With the use of DNDA propellant-charge powder, this additional electrical energy can be omitted, because the DNDA propellant-charge powder burns extensively independently of the temperature.
Further details and advantages of the invention ensue from the exemplary embodiment described below in conjunction with drawing figures.
FIG. 1 is a longitudinal section through an exemplary embodiment of a cartridge according to the invention, having three ignition conduits.
FIG. 2 is a cross-section, in an enlarged representation, through the cartridge of FIG. 1 along the line II—II in FIG. 1.
Referring now to FIG. 1, there is shown a large-caliber cartridge 1, e.g., for firing from a tank gun. For ignition purposes, the cartridge 1 is connected via a switch 2 to a current source 3. For the sake of a clear overview, the corresponding gun in which the cartridge 1 is located is not shown.
The cartridge 1 includes a combustible sleeve or jacket 5, which is filled with propellant-charge powder 4, preferably NENA or DNDA, and a metal sleeve floor or cartridge base 6 at the floor-side or base end of the propellant-charge sleeve 5. In the region of the base 6, the end 7 of the combustible sleeve 5 facing the base 6 is fixed or held in a form-fit between an insulating molded part 8 and the cartridge base 6.
Disposed in the center of the base 6 is a high-voltage electrode 9, which is electrically insulated from the base 6. The electrode 9 is fed through the insulating molded part 8 and is connected to a metal disk 10, which acts as a current distributor, on the surface of part 8.
Three electrically-conductive wires 11-13 are secured to the current distributor 10. Each of the wires 11-13 is guided through a respective tube 14-16 comprising a transparent propellant-charge powder, preferably JA2, and is connected to an annular contact part 18 in the region of the upper end 17, i.e., the end opposite the base end, of the propellant-charge sleeve 5. The contact part 18 in turn will contact the inside wall of the gun, not shown, which wall is connected to ground, potential during firing of the cartridge.
The transparent propellant-charge-powder tubes 14-16 are each provided with a plurality of radial openings 19, which are distributed over the length and circumference of the respective tubes.
The charge structure can be either a bulk charge, or a stacked or compact charge.
For firing the cartridge 1, the switch 2 is closed, and the current source 3, which is provided with a series of charged capacitors (at a voltage of, for example, 40 kV), is discharged within a short time.
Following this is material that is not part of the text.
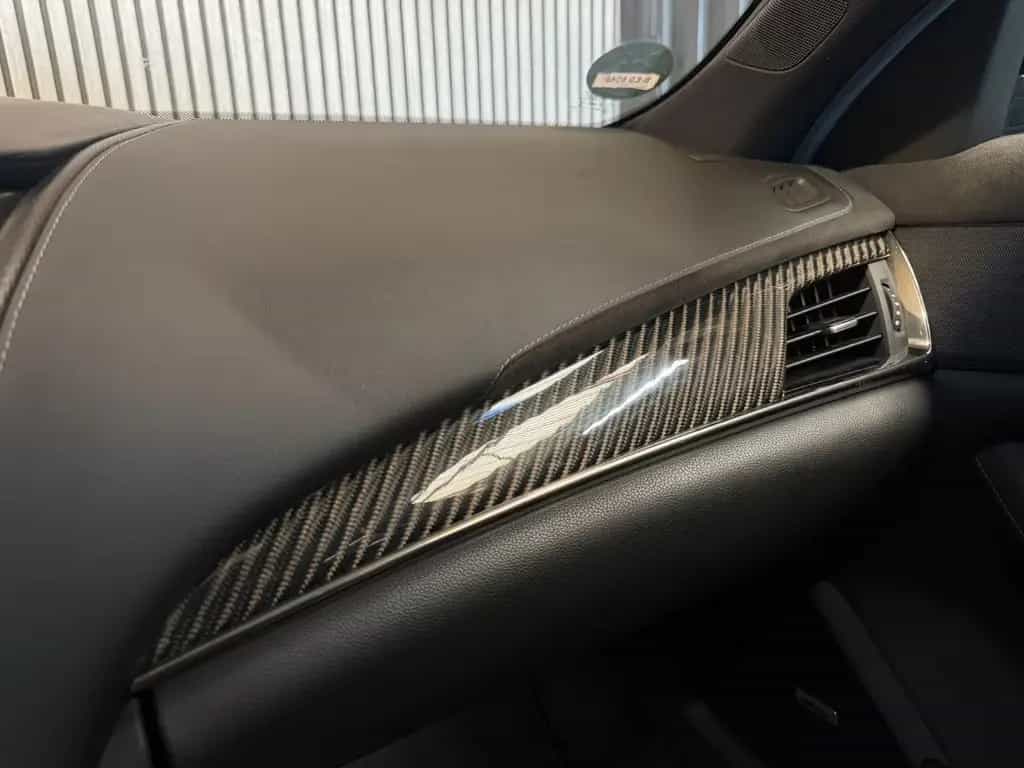 Cadillac CTS Premium  *NUR 18.883KM* Deutsches Auto 01/2016-photo-26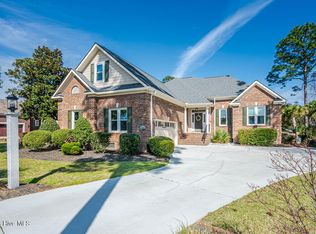 6595 Gramby Notch Way SW, Ocean Isle Beach, NC 28469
The discharge current occurring in the process leads to an electrical explosion of the wires 11-13 and the initiation of arc discharges inside the propellant-charge-powder tubes 14-16. The tubes 14-16 are ignited by the arcs and abruptly converted. The propellant-charge gases formed in the process, and the released arc radiation, then effect a rapid and uniform ignition of the propellant-charge powder 4 located in the sleeve 5, which is then converted to gas energy, along with the combustible sleeve 5.
The quantity of energy supplied to an NENA propellant-charge powder 4 by way of the plasma-ignition system also effects a compensation of the influence of the temperature of the propellant-charge powder on the combustion speed, so a projectile to be fired from the corresponding gun has a constant muzzle velocity without causing the maximum permissible useful gas pressure to be exceeded.
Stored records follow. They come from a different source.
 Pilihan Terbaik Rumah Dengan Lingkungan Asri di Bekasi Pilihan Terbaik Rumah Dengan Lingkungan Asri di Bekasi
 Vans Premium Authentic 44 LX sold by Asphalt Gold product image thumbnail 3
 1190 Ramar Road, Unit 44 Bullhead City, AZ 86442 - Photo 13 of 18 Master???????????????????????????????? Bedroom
This type of temperature compensation with the aid of electrical energy can be omitted when using of a temperature-independent DNDA propellant-charge powder. This reduces the quantity of electrical energy that must be available to the plasma-ignition system.
The invention now being fully described, it will be apparent to one or ordinary skill in the art that many changes and modifications can be made thereto without departing from the spirit and scope of the invention as set forth herein.